Song Meaning
The lyrics of "Putlar Yaptım" immediately plunge the listener into a landscape of intense, internal suffering. "Forests burn alone in my chest," the narrator declares, setting a tone of consuming pain. This isn't a gentle ache; it's a visceral, all-encompassing fire that even "oceans not enough for a single leaf" cannot quench. The stark truth, "Love doesn't die without pain," anchors this raw emotional state.
The core of this emotional intensity lies in the narrator's active, almost desperate, engagement with love and its aftermath. They insist this love was never casual, stating, "It was never for pleasure or sorrow," and emphasizing their commitment by saying, "I loved with my nails." This suggests a fierce, primal devotion, a love fought for and held onto with every fiber of their being, even as it causes immense suffering.
Perhaps the most striking craft element is the central metaphor: "I made idols from every word of love / I painted them with my own hands." This isn't just remembering; it's an act of creation, deifying past affections into tangible forms. The narrator then wishes for these idols to "come to life one by one," a powerful desire for resurrection, even if it means their own complete sacrifice. The chilling follow-up, "It's enough for me to keep my ashes," suggests a profound, almost religious self-immolation for the sake of this enduring, sculpted love.

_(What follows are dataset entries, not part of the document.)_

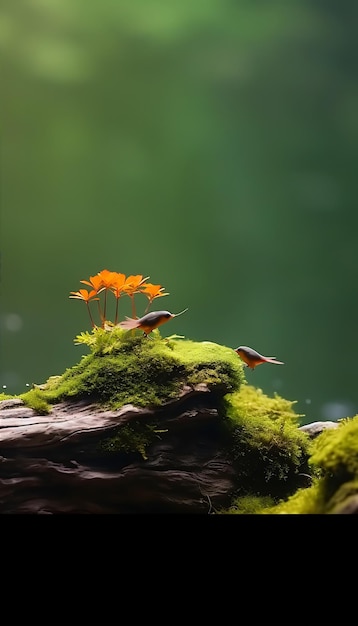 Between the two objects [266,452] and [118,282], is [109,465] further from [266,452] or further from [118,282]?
[118,282]

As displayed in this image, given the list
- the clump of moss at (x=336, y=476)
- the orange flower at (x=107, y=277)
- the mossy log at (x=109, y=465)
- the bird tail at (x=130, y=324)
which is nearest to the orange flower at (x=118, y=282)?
the orange flower at (x=107, y=277)

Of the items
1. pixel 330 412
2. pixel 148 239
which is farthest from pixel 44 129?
pixel 330 412

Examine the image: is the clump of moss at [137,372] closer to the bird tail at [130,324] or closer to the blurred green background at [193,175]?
the bird tail at [130,324]

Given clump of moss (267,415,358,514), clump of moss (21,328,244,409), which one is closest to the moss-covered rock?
clump of moss (21,328,244,409)

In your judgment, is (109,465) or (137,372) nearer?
(109,465)

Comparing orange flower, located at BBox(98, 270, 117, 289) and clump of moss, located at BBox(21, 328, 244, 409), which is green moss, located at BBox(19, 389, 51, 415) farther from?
orange flower, located at BBox(98, 270, 117, 289)

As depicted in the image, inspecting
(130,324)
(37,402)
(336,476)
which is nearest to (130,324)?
(130,324)
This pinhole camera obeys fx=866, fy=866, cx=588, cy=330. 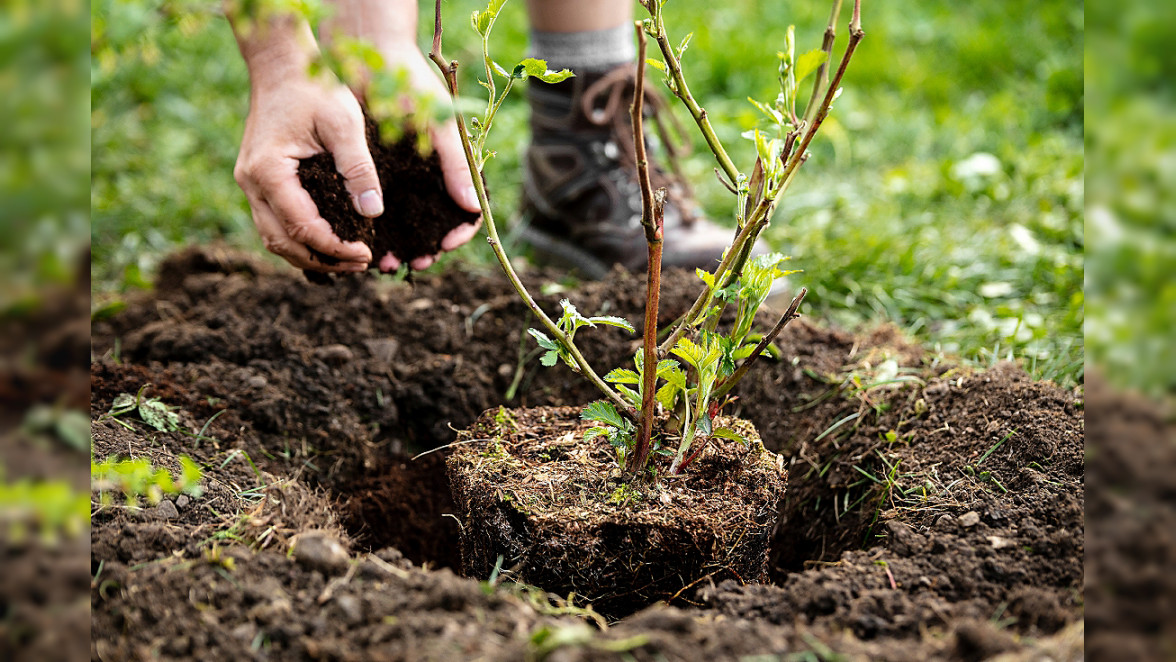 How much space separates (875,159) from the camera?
4207 millimetres

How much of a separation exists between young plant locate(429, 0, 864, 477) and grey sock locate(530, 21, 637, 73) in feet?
4.31

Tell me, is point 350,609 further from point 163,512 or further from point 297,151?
point 297,151

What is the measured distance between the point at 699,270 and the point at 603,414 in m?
0.29

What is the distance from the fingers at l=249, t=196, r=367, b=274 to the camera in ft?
6.04

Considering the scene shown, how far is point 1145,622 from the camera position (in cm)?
106

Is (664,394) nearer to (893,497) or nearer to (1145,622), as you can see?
(893,497)

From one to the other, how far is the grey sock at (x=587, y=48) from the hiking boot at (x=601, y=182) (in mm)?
33

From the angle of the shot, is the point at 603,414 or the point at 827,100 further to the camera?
the point at 603,414

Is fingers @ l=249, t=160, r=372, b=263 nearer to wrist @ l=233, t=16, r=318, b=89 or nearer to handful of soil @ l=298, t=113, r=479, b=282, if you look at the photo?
handful of soil @ l=298, t=113, r=479, b=282

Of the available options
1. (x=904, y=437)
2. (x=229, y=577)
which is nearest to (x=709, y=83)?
(x=904, y=437)

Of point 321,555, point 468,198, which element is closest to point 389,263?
point 468,198

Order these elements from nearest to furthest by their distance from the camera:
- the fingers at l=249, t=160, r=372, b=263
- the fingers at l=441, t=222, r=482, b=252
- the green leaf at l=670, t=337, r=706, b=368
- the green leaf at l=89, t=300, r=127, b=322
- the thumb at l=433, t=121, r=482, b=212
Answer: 1. the green leaf at l=670, t=337, r=706, b=368
2. the fingers at l=249, t=160, r=372, b=263
3. the thumb at l=433, t=121, r=482, b=212
4. the fingers at l=441, t=222, r=482, b=252
5. the green leaf at l=89, t=300, r=127, b=322

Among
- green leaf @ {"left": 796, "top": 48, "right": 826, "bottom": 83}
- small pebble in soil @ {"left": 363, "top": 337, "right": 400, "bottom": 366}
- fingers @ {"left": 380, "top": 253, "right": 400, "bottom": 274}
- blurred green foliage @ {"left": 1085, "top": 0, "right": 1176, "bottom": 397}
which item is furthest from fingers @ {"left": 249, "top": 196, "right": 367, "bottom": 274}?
blurred green foliage @ {"left": 1085, "top": 0, "right": 1176, "bottom": 397}

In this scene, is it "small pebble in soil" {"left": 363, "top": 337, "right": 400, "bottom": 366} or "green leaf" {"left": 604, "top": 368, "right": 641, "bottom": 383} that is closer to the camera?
"green leaf" {"left": 604, "top": 368, "right": 641, "bottom": 383} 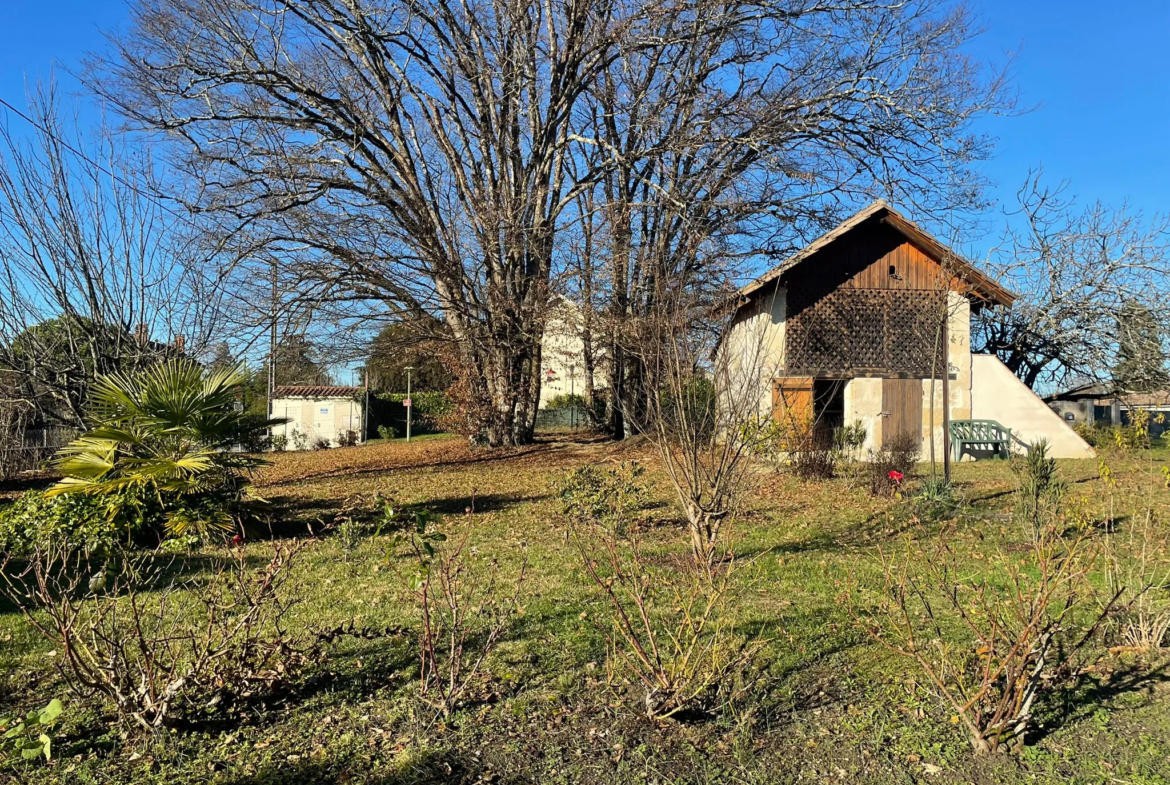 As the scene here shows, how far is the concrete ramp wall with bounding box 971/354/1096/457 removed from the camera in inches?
719

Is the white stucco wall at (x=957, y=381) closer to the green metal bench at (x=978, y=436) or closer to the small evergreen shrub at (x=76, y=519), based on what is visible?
the green metal bench at (x=978, y=436)

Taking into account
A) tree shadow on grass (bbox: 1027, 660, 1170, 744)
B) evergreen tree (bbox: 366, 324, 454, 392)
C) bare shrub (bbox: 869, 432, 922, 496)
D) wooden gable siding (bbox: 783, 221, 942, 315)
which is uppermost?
wooden gable siding (bbox: 783, 221, 942, 315)

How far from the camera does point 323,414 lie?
104 ft

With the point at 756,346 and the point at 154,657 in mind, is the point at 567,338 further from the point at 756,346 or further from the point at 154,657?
the point at 154,657

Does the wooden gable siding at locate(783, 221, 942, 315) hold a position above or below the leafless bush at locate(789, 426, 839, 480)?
above

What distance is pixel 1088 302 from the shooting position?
67.8ft

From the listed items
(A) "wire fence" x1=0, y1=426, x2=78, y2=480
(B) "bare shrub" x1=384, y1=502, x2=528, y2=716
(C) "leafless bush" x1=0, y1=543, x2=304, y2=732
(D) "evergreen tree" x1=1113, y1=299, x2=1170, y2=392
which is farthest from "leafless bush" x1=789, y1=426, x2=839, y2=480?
(A) "wire fence" x1=0, y1=426, x2=78, y2=480

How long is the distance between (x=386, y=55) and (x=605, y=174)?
575 cm

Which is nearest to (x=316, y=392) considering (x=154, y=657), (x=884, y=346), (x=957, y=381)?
(x=884, y=346)

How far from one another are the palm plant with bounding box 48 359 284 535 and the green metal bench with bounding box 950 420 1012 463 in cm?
1569

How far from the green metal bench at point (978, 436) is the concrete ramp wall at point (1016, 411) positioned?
0.33m

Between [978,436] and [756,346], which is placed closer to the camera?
[756,346]

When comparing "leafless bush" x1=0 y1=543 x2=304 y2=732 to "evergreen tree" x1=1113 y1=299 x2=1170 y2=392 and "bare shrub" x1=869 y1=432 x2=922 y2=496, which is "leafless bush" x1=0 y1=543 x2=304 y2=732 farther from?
"evergreen tree" x1=1113 y1=299 x2=1170 y2=392

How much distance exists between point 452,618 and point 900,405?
16139mm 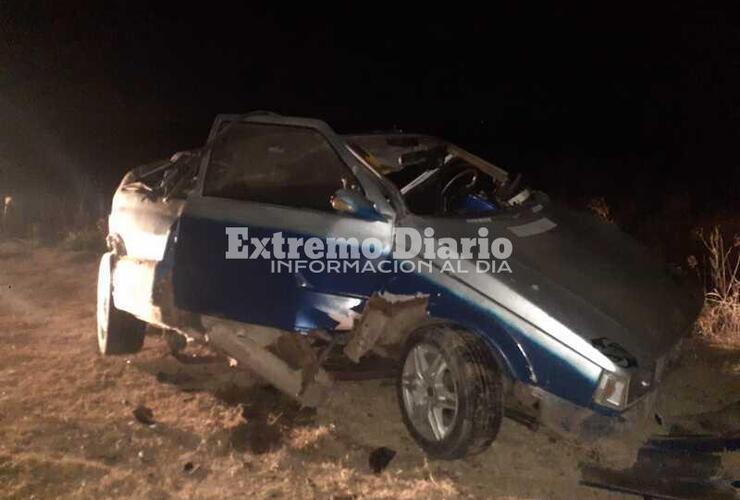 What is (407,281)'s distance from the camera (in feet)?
12.4

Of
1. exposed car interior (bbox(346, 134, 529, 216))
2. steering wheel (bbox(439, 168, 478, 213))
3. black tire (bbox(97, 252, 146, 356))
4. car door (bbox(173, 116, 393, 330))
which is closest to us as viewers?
car door (bbox(173, 116, 393, 330))

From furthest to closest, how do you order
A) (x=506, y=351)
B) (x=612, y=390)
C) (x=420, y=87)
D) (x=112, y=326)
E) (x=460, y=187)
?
(x=420, y=87), (x=112, y=326), (x=460, y=187), (x=506, y=351), (x=612, y=390)

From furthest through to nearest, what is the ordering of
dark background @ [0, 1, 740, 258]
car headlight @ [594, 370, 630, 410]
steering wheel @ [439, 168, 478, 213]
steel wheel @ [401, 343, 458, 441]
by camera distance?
dark background @ [0, 1, 740, 258] < steering wheel @ [439, 168, 478, 213] < steel wheel @ [401, 343, 458, 441] < car headlight @ [594, 370, 630, 410]

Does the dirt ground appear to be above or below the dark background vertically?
below

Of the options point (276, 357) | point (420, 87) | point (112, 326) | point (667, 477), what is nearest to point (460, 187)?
point (276, 357)

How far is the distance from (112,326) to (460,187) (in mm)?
2555

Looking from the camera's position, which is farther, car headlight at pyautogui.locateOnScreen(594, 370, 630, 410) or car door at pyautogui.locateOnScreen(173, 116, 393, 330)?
car door at pyautogui.locateOnScreen(173, 116, 393, 330)

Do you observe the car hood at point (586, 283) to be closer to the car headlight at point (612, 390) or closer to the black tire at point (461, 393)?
the car headlight at point (612, 390)

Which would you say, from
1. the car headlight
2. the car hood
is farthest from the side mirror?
the car headlight

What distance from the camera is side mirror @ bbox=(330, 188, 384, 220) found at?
154 inches

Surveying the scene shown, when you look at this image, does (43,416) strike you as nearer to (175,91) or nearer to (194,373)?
(194,373)

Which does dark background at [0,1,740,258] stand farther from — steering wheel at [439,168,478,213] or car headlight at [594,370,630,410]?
car headlight at [594,370,630,410]

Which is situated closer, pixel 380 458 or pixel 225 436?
pixel 380 458

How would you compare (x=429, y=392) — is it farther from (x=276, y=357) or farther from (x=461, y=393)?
(x=276, y=357) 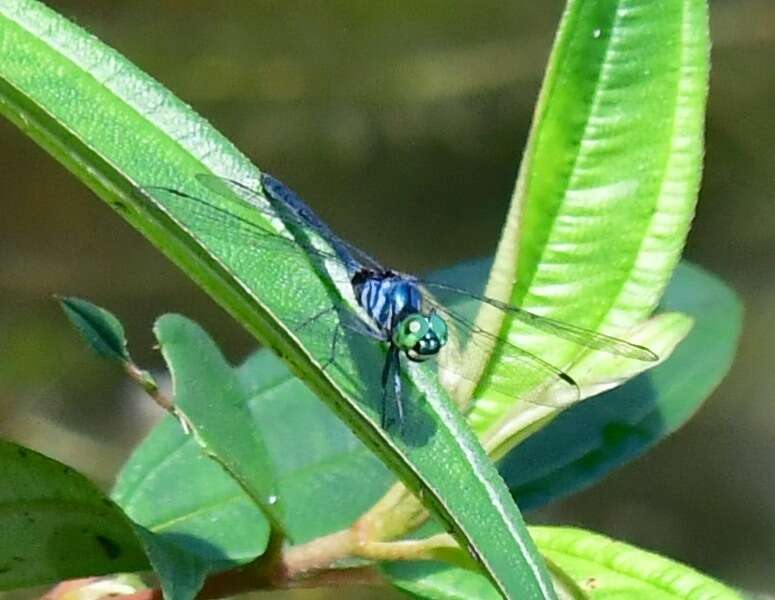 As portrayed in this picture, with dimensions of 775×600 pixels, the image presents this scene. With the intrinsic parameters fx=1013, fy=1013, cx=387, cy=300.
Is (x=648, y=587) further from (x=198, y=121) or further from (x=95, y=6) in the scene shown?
(x=95, y=6)

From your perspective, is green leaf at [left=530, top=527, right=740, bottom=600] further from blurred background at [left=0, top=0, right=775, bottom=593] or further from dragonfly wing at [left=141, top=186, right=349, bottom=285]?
blurred background at [left=0, top=0, right=775, bottom=593]

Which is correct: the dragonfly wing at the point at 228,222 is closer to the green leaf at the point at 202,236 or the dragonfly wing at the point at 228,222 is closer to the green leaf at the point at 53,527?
the green leaf at the point at 202,236

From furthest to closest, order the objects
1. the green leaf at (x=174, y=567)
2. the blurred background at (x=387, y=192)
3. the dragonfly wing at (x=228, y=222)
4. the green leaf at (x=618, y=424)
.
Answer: the blurred background at (x=387, y=192) < the green leaf at (x=618, y=424) < the green leaf at (x=174, y=567) < the dragonfly wing at (x=228, y=222)

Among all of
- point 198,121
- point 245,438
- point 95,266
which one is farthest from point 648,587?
point 95,266

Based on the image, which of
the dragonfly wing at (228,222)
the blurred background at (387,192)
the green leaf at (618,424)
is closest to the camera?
the dragonfly wing at (228,222)

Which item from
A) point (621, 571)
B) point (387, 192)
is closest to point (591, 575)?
point (621, 571)

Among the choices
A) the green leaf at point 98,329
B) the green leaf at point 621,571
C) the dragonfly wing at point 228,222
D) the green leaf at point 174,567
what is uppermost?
the dragonfly wing at point 228,222

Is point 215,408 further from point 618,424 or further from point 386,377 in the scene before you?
point 618,424

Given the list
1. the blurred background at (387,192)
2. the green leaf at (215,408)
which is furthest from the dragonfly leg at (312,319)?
the blurred background at (387,192) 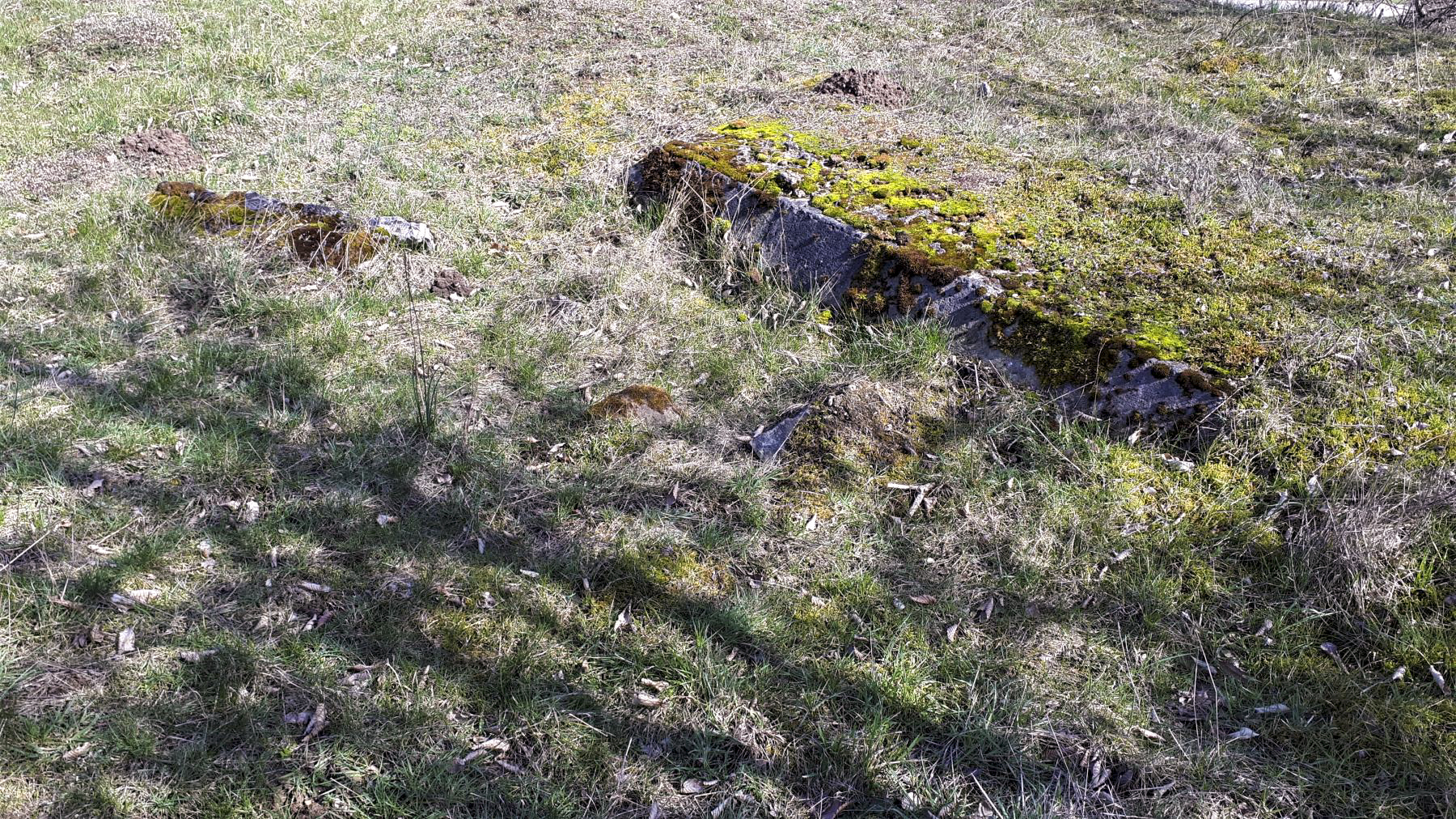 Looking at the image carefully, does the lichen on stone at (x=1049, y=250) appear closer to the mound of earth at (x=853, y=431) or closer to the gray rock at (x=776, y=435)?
the mound of earth at (x=853, y=431)

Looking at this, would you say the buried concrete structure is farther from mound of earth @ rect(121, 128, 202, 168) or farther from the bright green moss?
mound of earth @ rect(121, 128, 202, 168)

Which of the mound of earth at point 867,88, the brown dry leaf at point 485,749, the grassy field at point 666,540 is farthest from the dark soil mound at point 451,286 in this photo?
the mound of earth at point 867,88

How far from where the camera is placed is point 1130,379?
334 cm

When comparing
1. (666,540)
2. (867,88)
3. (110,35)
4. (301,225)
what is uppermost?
(867,88)

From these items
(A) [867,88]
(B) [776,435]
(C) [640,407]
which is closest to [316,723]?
(C) [640,407]

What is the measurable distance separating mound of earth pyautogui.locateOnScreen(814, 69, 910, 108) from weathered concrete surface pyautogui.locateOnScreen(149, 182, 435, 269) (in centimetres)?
338

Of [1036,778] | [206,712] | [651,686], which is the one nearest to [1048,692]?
[1036,778]

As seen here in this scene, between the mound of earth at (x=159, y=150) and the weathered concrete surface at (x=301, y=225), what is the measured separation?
90 cm

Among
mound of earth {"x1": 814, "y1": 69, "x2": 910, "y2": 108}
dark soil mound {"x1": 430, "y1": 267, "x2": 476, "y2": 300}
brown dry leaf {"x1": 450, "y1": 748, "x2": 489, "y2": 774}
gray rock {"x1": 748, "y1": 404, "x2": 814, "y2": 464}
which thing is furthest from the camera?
mound of earth {"x1": 814, "y1": 69, "x2": 910, "y2": 108}

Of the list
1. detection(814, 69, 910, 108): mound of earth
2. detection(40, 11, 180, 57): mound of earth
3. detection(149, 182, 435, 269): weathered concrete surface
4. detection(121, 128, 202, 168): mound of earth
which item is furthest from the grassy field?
detection(40, 11, 180, 57): mound of earth

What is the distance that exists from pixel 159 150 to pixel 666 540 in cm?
501

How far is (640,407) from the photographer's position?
3.63 meters

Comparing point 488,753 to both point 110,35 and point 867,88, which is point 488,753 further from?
point 110,35

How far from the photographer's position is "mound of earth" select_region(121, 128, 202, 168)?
5688 millimetres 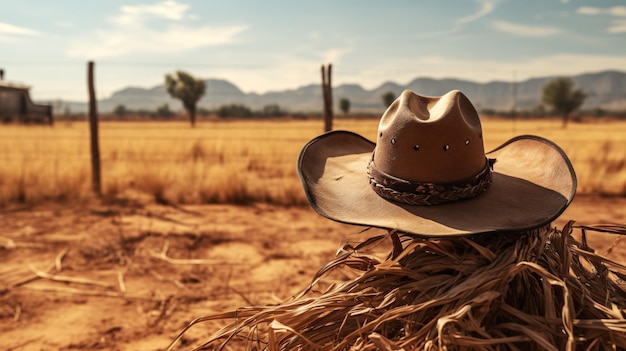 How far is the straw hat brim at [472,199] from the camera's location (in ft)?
4.44

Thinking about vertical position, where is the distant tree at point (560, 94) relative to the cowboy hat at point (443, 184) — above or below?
above

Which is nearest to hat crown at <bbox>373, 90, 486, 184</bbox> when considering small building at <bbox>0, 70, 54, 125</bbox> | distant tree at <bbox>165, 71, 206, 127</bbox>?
small building at <bbox>0, 70, 54, 125</bbox>

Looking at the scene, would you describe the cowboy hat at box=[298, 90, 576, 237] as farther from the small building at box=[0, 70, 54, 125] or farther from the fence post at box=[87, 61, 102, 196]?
the small building at box=[0, 70, 54, 125]

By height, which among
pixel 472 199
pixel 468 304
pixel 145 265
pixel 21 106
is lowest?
pixel 145 265

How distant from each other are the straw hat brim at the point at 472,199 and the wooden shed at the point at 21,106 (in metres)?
31.1

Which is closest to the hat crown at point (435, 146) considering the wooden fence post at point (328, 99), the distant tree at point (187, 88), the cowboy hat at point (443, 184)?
the cowboy hat at point (443, 184)

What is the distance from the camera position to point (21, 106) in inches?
1179

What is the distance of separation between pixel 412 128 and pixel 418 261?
1.28ft

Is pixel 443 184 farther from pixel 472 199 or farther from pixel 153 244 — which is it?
pixel 153 244

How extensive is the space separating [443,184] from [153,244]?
450 centimetres

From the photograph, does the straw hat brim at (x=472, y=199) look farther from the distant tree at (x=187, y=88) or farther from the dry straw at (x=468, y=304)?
the distant tree at (x=187, y=88)

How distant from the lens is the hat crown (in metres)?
1.45

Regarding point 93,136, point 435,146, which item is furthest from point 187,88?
point 435,146

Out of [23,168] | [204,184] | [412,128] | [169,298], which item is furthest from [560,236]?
A: [23,168] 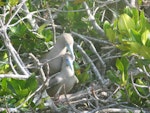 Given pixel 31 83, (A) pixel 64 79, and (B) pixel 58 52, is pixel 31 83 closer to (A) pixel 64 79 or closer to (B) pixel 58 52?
(A) pixel 64 79

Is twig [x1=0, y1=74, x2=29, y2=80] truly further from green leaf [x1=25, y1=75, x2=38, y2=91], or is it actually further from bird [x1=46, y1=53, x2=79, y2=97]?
bird [x1=46, y1=53, x2=79, y2=97]

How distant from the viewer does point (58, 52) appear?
3.99m

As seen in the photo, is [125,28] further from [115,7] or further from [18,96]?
[115,7]

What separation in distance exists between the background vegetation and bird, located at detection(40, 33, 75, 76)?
0.07m

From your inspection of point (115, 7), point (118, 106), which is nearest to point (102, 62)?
point (118, 106)

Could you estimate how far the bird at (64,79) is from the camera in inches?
147

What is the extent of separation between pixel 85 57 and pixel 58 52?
0.85ft

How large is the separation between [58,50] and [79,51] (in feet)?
0.59

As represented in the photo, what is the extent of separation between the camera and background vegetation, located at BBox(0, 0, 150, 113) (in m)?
3.07

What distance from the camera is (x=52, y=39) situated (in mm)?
4000

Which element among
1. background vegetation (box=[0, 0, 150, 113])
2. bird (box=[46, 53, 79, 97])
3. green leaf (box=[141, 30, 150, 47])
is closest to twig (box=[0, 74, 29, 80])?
background vegetation (box=[0, 0, 150, 113])

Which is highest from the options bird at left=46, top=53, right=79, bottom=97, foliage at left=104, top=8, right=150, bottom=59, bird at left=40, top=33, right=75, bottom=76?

The lyrics effectively convey a love so profound it transcends mere memory, becoming an active, painful, and self-sacrificial devotion. The contrast between a tender past, where "every breath smelled faintly of basil," and a present that feels "like a bellows, a storm," underscores the depth of the loss and the enduring turbulence. This isn't a story of moving on, but of an artist-like commitment to preserving the essence of a love, even if it reduces the creator to dust.